Оттого, что тебя почему-то не станет на свете,
Электрический счетчик не завертится наоборот,
Не умрет телефон, не засветится пленка в кассете,
Холодильник, рыдая, за гробом твоим не пойдет.
Будь владыкою их, не отдай им себя на закланье,
Будь всегда справедливым, бесстрастным хозяином их, —
Тот, кто жил для вещей, – все теряет с последним дыханьем,
Тот, кто жил для людей, – после смерти живет средь живых
.
Это не лучшее и не худшее стихотворение Шефнера. Вечная тема обреченности человека на смерть дана здесь в отчетливо увиденной и с грустным юмором написанной картине опустелого жилья. Вообще Шефнер был мастер эффектных концовок, но здесь не сумел разрешить тему поэтически и закончил дидактической сентенцией. В лучших стихах Шефнера, например в «Зеркале» (1942) или «У картины» (1971), воображение стартует от точно описанного наблюдения, в «Вещах» – от общего места: «Человек умирает, но вещи его остаются...» Мы цитируем «Вещи» Шефнера, потому что антитеза краткого существования человека и долгого вещей стала постоянной в поэзии Бродского. Если сравнить это стихотворение с «Натюрмортом» (1971) Бродского, разница между поэтическим миром серьезных ленинградских поэтов в годы его молодости и тем, который создавал он сам, станет очень наглядной. Бродский в «Натюрморте» не считается с нормами – поэтическими, лексическими, хорошего вкуса, в пределах которых написаны «Вещи». Как и Шефнер, Бродский начинает с самоочевидного утверждения, выраженного на языке общих понятий – «люди», «вещи»: «Вещи и люди нас /окружают». Однако прямо вслед за этим, с середины строки следует эпатирующее, мизантропическое: «И те, / и эти терзают глаз». Отсюда начинается словно бы неконтролируемый поток сознания, мысли о вещах перемешиваются с авторефлексией, и весь сердитый, местами грубый текст неожиданно заканчивается евангельской сценой:
Мать говорит Христу:
– Ты мой сын или мой
Бог?
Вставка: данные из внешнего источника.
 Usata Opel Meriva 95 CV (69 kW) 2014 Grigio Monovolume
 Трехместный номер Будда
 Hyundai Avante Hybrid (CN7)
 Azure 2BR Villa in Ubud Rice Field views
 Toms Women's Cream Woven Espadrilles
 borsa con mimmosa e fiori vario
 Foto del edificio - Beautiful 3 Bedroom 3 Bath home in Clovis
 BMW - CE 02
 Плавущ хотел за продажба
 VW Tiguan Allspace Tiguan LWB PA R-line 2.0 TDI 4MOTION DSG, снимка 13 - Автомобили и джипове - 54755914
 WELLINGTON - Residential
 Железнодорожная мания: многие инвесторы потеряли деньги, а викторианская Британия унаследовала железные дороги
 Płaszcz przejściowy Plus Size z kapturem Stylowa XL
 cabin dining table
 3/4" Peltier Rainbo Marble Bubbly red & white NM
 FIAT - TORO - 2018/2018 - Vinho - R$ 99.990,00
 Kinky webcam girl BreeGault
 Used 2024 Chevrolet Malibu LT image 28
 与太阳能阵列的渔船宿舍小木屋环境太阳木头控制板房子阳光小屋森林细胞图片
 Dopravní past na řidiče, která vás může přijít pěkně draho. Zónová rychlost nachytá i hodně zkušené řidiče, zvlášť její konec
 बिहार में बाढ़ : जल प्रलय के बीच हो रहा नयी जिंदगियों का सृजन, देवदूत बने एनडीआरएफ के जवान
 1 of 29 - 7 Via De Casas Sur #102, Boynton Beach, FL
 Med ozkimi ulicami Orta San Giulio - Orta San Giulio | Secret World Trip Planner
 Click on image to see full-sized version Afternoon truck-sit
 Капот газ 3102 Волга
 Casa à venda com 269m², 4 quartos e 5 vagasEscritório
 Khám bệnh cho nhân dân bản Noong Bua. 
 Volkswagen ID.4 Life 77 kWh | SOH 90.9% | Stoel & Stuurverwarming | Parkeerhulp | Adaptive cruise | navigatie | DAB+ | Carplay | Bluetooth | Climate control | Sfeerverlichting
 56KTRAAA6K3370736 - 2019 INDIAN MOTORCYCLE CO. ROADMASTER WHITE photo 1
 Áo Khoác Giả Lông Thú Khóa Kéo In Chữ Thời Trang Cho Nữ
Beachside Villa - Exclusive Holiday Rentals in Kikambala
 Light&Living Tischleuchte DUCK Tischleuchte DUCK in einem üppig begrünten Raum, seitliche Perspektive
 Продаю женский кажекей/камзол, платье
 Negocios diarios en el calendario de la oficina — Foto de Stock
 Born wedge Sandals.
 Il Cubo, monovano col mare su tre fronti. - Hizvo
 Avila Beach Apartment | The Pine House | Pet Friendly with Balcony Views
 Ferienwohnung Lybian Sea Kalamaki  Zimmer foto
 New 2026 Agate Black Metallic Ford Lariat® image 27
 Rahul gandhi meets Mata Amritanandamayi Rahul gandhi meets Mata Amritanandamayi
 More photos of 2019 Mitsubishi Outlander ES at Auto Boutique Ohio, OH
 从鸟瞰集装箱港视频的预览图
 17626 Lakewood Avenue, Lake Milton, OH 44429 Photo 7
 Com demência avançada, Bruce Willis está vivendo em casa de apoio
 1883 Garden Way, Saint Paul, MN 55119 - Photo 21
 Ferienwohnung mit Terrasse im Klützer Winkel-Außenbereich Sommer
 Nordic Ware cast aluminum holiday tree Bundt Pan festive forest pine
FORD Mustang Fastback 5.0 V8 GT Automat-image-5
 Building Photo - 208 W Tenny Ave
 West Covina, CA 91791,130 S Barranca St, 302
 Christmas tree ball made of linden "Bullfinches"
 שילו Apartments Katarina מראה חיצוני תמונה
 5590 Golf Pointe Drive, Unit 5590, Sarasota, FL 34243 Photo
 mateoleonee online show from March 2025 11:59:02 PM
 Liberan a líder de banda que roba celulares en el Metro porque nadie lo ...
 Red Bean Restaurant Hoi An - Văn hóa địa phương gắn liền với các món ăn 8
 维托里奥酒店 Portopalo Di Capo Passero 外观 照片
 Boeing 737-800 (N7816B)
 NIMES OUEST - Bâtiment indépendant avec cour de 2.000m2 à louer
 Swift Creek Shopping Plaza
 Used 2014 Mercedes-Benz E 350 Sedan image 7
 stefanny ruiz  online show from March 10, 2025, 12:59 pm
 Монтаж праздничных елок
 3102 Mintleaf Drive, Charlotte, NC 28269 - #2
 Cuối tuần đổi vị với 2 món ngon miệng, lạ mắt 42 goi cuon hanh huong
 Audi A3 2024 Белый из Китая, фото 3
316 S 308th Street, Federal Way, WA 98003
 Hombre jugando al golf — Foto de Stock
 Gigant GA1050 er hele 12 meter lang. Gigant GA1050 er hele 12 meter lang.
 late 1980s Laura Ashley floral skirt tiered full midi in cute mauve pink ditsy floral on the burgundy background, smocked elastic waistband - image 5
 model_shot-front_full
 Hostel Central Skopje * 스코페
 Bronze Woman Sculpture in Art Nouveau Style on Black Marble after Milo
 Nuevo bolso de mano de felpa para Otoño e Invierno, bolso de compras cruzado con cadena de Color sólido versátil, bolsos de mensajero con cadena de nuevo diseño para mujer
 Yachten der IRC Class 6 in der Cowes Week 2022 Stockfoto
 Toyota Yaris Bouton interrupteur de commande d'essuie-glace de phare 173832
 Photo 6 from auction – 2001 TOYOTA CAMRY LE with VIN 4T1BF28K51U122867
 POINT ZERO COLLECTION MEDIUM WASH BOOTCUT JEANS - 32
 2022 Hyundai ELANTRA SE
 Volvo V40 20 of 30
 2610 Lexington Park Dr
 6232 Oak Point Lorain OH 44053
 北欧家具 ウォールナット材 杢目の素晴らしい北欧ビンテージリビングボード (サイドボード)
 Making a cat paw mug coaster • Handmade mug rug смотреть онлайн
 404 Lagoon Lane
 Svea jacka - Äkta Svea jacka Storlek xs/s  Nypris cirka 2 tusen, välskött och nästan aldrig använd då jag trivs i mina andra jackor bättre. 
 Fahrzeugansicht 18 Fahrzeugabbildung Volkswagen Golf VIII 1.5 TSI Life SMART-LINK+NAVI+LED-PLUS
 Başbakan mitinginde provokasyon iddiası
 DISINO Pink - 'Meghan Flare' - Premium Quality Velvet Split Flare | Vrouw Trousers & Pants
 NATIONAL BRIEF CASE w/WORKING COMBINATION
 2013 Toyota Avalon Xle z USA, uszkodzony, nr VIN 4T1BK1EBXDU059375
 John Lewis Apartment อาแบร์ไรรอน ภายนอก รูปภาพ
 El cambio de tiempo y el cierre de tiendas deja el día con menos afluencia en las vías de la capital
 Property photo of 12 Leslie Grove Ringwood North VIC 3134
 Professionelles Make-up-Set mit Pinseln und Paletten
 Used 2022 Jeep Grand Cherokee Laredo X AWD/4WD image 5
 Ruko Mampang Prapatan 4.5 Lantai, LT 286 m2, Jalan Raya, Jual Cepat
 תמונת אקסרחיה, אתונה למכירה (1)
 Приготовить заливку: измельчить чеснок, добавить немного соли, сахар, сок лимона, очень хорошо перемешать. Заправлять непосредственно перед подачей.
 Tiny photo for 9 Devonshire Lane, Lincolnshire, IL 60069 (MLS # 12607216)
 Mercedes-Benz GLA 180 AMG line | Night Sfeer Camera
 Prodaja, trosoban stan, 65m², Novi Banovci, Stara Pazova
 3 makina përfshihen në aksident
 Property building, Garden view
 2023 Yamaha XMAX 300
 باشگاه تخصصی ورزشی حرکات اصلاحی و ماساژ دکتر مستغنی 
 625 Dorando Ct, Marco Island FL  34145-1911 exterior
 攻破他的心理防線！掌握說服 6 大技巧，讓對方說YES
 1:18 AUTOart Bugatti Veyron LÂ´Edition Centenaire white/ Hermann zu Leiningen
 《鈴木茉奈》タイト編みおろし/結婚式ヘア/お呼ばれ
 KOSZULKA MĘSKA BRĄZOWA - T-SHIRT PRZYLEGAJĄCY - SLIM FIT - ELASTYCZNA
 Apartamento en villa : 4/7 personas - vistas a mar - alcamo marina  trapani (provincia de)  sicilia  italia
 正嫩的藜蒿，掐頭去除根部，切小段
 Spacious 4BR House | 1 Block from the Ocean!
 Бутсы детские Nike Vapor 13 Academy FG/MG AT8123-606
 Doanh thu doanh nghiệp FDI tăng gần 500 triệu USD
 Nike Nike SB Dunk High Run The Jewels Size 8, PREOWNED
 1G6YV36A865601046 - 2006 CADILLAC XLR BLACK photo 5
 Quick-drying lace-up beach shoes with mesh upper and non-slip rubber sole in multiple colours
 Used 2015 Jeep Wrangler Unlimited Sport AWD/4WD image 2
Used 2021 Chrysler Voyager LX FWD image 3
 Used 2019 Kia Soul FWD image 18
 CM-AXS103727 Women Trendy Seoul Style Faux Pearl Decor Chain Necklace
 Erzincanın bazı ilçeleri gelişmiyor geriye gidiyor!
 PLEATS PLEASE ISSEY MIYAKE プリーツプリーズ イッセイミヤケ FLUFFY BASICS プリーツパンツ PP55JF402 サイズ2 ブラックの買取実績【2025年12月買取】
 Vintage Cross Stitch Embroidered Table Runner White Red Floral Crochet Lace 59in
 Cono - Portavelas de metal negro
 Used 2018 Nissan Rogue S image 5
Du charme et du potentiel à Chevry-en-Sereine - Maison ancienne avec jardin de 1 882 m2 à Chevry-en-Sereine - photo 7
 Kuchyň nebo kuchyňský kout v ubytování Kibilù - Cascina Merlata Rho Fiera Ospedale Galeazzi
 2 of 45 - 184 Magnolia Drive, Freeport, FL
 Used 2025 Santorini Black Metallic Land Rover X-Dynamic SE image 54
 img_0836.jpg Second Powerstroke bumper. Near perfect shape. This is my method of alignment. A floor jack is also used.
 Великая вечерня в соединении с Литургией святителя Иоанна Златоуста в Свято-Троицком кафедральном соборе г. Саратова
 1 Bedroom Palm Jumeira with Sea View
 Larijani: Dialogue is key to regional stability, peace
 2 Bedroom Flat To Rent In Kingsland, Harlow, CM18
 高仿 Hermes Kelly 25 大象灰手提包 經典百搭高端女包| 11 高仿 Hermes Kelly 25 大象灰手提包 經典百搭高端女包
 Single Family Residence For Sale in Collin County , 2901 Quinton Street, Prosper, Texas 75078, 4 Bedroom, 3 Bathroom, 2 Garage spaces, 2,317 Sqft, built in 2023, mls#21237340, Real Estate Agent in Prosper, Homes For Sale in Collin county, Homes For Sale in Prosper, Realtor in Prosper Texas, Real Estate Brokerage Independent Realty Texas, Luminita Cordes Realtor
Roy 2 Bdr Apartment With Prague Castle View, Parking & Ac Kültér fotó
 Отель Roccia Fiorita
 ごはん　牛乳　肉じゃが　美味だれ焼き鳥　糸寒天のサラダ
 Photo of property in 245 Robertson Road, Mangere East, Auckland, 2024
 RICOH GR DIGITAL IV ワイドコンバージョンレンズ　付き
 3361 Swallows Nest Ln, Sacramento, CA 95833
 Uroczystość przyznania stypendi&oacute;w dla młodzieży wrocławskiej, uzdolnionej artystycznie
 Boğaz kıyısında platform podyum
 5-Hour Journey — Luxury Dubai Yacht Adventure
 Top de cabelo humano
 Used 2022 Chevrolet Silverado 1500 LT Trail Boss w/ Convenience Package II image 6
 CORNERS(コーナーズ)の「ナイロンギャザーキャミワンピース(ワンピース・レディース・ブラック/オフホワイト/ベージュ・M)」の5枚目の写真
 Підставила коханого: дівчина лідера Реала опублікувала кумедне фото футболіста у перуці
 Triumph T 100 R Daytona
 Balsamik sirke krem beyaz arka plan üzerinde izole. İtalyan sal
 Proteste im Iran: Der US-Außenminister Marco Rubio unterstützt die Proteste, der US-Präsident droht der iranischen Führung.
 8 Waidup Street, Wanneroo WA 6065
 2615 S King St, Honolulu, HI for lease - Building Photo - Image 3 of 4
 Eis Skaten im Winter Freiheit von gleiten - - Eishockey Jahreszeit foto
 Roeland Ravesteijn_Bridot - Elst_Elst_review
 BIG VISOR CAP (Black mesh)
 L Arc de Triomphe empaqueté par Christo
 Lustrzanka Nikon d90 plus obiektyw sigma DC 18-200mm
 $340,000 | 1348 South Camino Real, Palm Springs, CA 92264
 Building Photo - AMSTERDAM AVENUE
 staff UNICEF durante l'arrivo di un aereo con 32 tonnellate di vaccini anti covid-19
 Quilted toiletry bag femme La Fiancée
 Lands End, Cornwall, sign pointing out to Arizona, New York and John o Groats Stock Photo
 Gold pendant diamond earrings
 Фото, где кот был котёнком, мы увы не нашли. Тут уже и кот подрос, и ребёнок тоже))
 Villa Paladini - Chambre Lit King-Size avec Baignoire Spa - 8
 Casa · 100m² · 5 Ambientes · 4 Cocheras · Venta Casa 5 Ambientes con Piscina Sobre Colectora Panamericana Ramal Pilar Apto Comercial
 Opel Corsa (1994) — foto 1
Ты прибит к кресту,
Как я пойду домой?
Как я ступлю на порог,
не поняв, не решив:
ты мой сын или Бог?
То есть мертв или жив? —
Он говорит в ответ:
– Мертвый или живой,
разницы, жено, нет.
Сын или Бог, я твой.
(КПЭ)
Если судить «Натюрморт» старыми установками, стихотворение слишком длинно, смешение литературной и ненормативной лексики вульгарно так же, как и эмоциональная несдержанность в обсуждении «последних вопросов», а двусмысленно-метафизическая концовка неясна. В 1967 году В. С. Шефнер написал в ленинградское отделение издательства «Советский писатель» письмо в поддержку издания сборника стихов Бродского. Из благородных побуждений он постарался критические замечания выразить как можно мягче, но они характерны. О поэме «Исаак и Авраам» он пишет: «Может быть, я ее недопонял, но она меня не взволновала, слишком уж она обстоятельна. В самой Библии эта притча гораздо короче и значимее по своей глубинной сути»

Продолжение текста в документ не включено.